Genric Insurance rejected the claim on the grounds that Mr D did not take all reasonable steps and precautions to prevent the accident or loss. In this regard Genric Insurance submitted that the incident driver travelled at a minimum of 150km/h in a 100km/h zone. In arguing the matter, Genric Insurance had elected to use the words “insured” and “incident driver” interchangeably. The policy wording relied on by Genric Insurance stated that the insured must take all reasonable steps and precautions to prevent accidents or losses. Genric Insurance’s policy did not define the term “insured.”
OSTI advised Genric Insurance that, as its policy did not define the term “insured”, the ordinary grammatical meaning of “insured” had to be attributed to this word in the policy. In this regard reference was made to another definition of “insured”.

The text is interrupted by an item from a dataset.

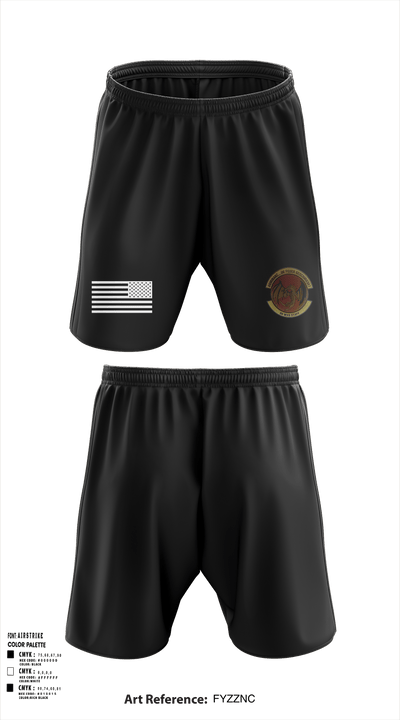 86 MXO 44204429 Athletic Shorts With Pockets - 128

Not entitled to decline liability
According to OSTI, there was no indication that the incident driver in this matter was a party to the policy or insured in terms of the policy. Mr D had entered into the contract of insurance with Genric Insurance. OSTI further advised that Genric Insurance had not reserved for itself the right to exclude liability, in terms of the policy, where a vehicle is driven by another party, who is not the insured on the policy. Thus, Genric Insurance had not discharged the onus of proving that Mr D, being the insured, had failed to take all reasonable steps and precautions to prevent the accident or loss. On this basis, it was OSTI’s view that Genric Insurance was not entitled to decline liability for the claim.

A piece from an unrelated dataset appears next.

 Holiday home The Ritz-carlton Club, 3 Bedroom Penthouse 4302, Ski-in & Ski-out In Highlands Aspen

Genric Insurance had also advised that Mr D had failed to disclose a change in the risk. According to OSTI, this rejection reason was not ventilated in the rejection letter nor had Genric Insurance discharged the onus of proving that there had in fact been a change in the risk, which had not been disclosed and that such change materially affected the risk. Genric Insurance agreed to abide by OSTI’s recommendation that the claim be settled.
Non-payment of a premium
In the second case Mr L submitted a claim to his insurer, Old Mutual Insure, in respect of fire damage to his home. Mr L advised that he contacted his broker on the day after the fire to advise of the fire damage. Mr L indicated that he advised the broker that he would need to pay his premium manually as he needed to change banks and had not set up a stop order for the payment of the insurance premium.
Old Mutual Insure advised that the claim could not be registered as the policy had been cancelled a month prior to the loss due to the non-payment of the premium. The insurer had attempted to deduct Mr L’s premiums for the months of June and July. The premiums were unpaid. Old Mutual Insure submitted that Mr L had not made any alternative arrangements to pay the premiums.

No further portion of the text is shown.